The data section start

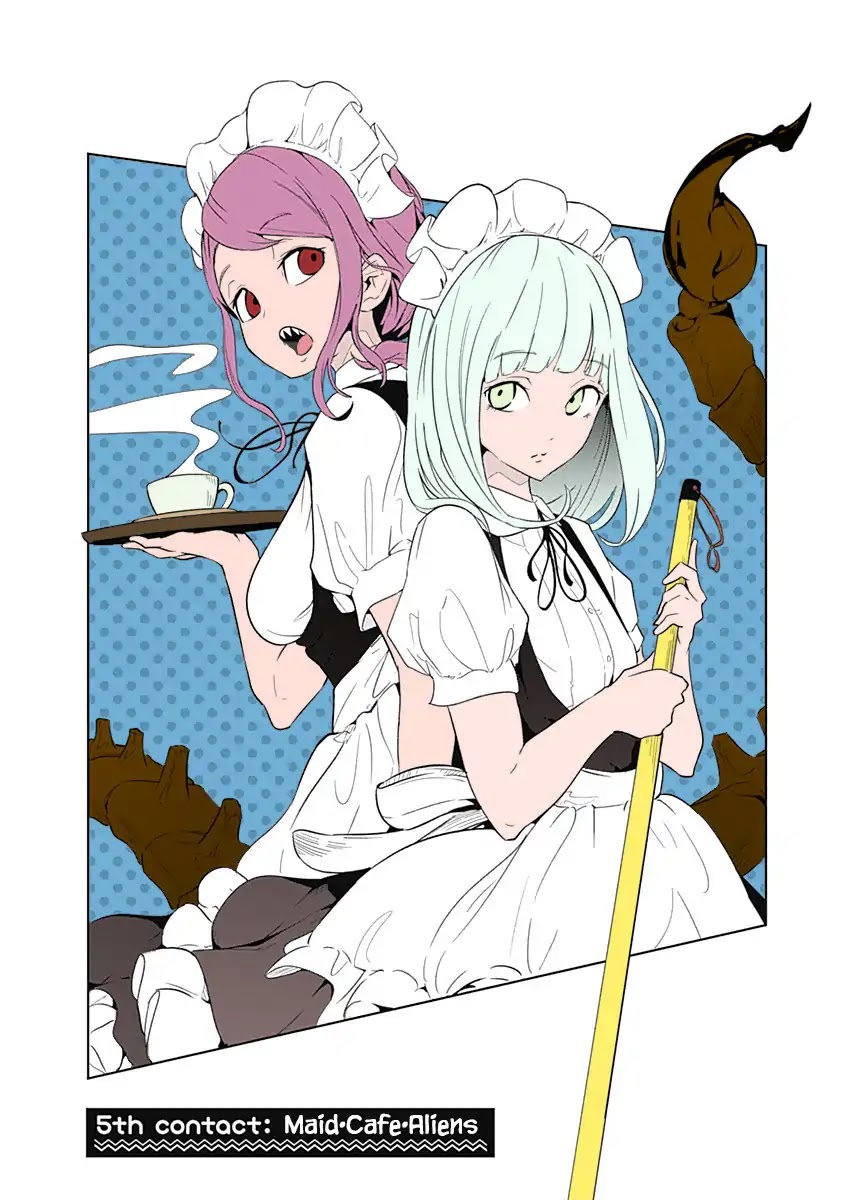 Tsukiiro no Invader Chapter 5 page 5 - Chapter 5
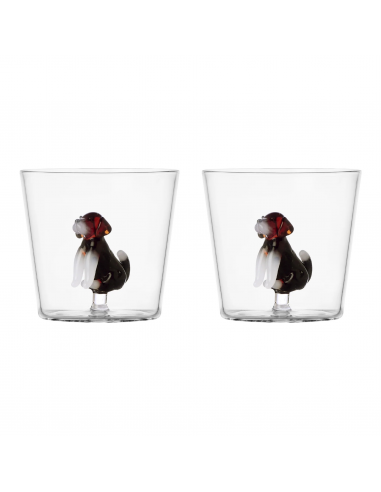 VERRE ICHENDORF DOGS ENGLISH FOXHOUND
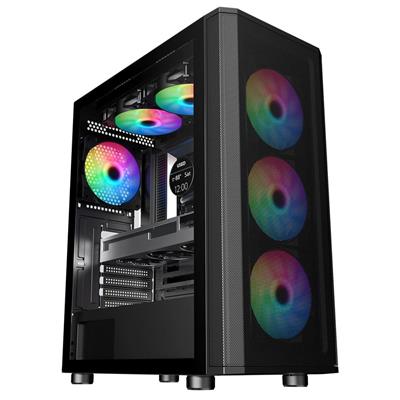 Sama 3311B Black ARGB Mid-Tower ATX Gaming Case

The data section end

#### Task details:
Give every line of the data above again as it stands; the pictures stay out.

#### Task response:
 Tsukiiro no Invader Chapter 5 page 5 - Chapter 5
 VERRE ICHENDORF DOGS ENGLISH FOXHOUND
 Sama 3311B Black ARGB Mid-Tower ATX Gaming Case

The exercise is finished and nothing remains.